Private issuances in Guatemala Reach US$340 Million in four months
Guatemala’s private capital market reaches US$340M in four months, driven by ESG bonds and sustainable finance initiatives supported by CABEI, AFD, and BAC Guatemala.

Guatemala is making strides toward a more sustainable capital market with the signing of new agreements and bond issuances that prioritize Environmental, Social, and Governance (ESG) criteria, strengthening financial inclusion and green financing in the country.
CABEI and BVN Sign Agreement to Promote ESG Bonds
The Central American Bank for Economic Integration (CABEI) and Guatemala’s National Stock Exchange (BVN) signed a cooperation agreement to foster the ESG bond market in the country. This partnership aims to provide technical assistance to Guatemalan issuers and is part of the Thematic Framework Support Program for ESG Issuances, backed by the French Development Agency (AFD).
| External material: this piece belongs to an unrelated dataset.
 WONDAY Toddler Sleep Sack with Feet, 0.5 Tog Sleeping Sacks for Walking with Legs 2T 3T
The program seeks to raise awareness among issuers, investors, and key stakeholders about the strategic role of ESG investments in driving economic, social, and environmental development in Central America.
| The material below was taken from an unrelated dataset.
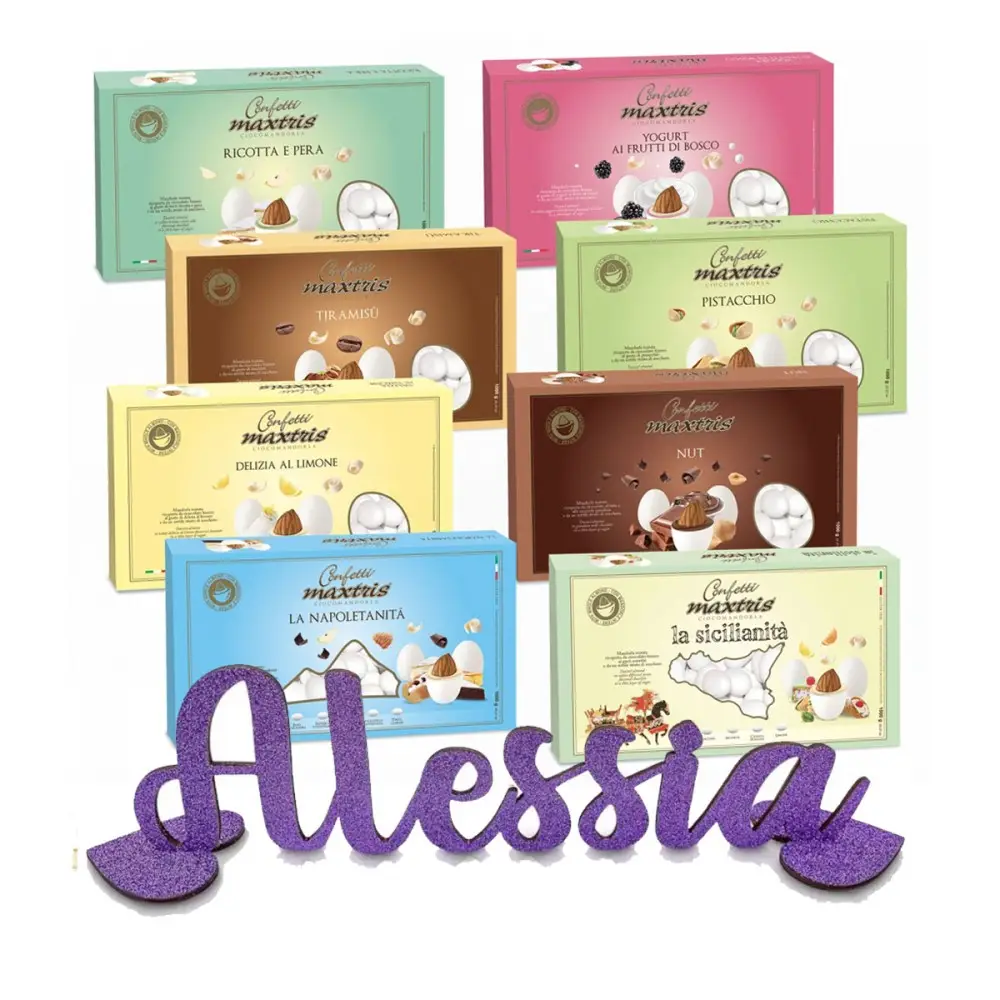 Confetti Maxtris 5 kg + Scritta in legno Glitterata personalizzabile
CABEI Executive President Gisela Sánchez stated: “We are excited to collaborate with BVN to promote sustainable development through the ESG bond market. We are confident that, through this program, we will support responsible issuers and actively encourage the issuance of thematic bonds in Guatemala and the region.”
AFD Supports the Strengthening of the Financial Market

With the support of AFD, the necessary resources for the agreement were mobilized. Alexia Levesque, AFD’s Regional Director for Mexico, Cuba, and Central America, emphasized:
“This agreement reflects the strong partnership between AFD and CABEI to promote sustainable investments in Guatemala. It will help strengthen the country’s financial market and facilitate thematic issues with social, economic, and environmental impact.”
BVN Reinforces Its Commitment to Sustainable Finance
Rolando San Román, General Manager of BVN, recalled that since 2021, the stock exchange has been part of the Sustainable Stock Exchanges Initiative. In 2022, it approved internal regulations to classify green, social, sustainable, and sustainability-linked bonds.
To date, three issuances have been authorized under these standards. San Román affirmed that the new memorandum with CABEI will be instrumental in supporting issuers in the development of thematic frameworks and related financing initiatives.
BAC Issues First Sustainable Bond with International Support
In parallel, BAC Guatemala is preparing to issue its first sustainable bond, supported by Proparco, IDB Invest, and LAGreen (through Finance in Motion). The issuance, worth up to US$140 million with a term of up to five years, will follow the ICMA Principles for Social, Green, and Sustainable Bonds.
Proparco will subscribe to US$50 million, while IDB Invest and LAGreen will contribute US$70 million and US$20 million, respectively. The goal is to strengthen financial inclusion and environmental financing, focusing on MSMEs, women-led businesses, and climate mitigation projects.
A Key Step Toward an Inclusive and Resilient Future

This initiative responds to structural challenges in the country, where 83.3% of GDP is located in high climate risk areas, and MSMEs, representing 80% of employment—struggle with limited access to credit. Thematic bonds offer a path to integrate sustainability into business strategies and improve financing access.
Eric Campos Morgan, Executive President of BAC Guatemala, concluded: “This bond represents a significant step in our mission to expand green and social financing and build a more inclusive and resilient future for Guatemala.”
The sustained growth of Guatemala’s private capital market, driven by bank and sustainable bond issuances, reflects a positive transformation in the country’s financial ecosystem. Initiatives led by CABEI, BVN, and institutions like BAC Guatemala are paving the way toward a more inclusive, resilient economy aligned with the Sustainable Development Goals.